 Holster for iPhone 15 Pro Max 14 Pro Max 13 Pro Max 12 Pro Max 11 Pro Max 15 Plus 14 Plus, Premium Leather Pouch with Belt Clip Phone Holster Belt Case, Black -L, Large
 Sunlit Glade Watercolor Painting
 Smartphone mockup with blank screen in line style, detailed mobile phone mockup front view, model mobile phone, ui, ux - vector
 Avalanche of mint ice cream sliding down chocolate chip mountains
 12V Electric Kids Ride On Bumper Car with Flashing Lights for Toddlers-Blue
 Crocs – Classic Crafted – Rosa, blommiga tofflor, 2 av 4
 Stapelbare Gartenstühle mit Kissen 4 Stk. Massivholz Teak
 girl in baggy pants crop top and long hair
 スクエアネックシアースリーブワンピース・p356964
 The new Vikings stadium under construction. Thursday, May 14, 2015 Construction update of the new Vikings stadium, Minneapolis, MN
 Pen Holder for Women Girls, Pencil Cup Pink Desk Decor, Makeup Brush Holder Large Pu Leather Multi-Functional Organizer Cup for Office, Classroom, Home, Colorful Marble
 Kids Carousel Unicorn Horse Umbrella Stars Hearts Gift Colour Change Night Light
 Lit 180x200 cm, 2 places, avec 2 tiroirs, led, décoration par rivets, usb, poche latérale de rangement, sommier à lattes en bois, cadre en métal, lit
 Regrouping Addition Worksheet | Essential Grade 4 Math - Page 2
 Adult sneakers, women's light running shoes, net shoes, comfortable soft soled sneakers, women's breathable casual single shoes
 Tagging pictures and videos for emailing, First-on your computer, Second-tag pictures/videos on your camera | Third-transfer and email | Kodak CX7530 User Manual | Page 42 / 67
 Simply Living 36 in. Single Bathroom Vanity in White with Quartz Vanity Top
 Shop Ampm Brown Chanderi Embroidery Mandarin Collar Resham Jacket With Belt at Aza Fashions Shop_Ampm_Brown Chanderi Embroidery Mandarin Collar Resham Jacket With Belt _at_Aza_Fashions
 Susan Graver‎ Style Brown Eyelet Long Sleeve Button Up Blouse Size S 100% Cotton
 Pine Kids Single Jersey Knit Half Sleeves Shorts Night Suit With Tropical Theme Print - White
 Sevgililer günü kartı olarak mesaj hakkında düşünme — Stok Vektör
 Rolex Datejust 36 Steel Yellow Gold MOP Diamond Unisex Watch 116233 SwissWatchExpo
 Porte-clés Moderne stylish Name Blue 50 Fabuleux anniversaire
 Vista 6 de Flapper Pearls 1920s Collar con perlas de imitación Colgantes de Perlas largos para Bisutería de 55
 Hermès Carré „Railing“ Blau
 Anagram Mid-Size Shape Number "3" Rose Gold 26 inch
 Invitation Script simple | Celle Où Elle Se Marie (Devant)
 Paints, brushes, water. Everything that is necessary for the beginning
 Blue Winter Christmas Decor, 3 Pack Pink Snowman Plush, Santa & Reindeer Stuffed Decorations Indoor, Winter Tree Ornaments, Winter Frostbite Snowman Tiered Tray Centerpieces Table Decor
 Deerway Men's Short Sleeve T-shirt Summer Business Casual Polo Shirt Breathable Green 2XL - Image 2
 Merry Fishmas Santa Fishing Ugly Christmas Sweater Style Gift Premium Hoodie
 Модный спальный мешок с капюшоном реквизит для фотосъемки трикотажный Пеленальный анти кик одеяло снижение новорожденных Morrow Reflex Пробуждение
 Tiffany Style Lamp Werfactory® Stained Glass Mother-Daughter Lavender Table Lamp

_PROBLEM REQUIREMENTS_
All that belongs in your answer is the stretch of entries above from the line with "Pine Kids Single" through the line with "Porte-clés Moderne stylish", printed exactly.

_RESULT FOR THIS EXERCISE_
 Pine Kids Single Jersey Knit Half Sleeves Shorts Night Suit With Tropical Theme Print - White
 Sevgililer günü kartı olarak mesaj hakkında düşünme — Stok Vektör
 Rolex Datejust 36 Steel Yellow Gold MOP Diamond Unisex Watch 116233 SwissWatchExpo
 Porte-clés Moderne stylish Name Blue 50 Fabuleux anniversaire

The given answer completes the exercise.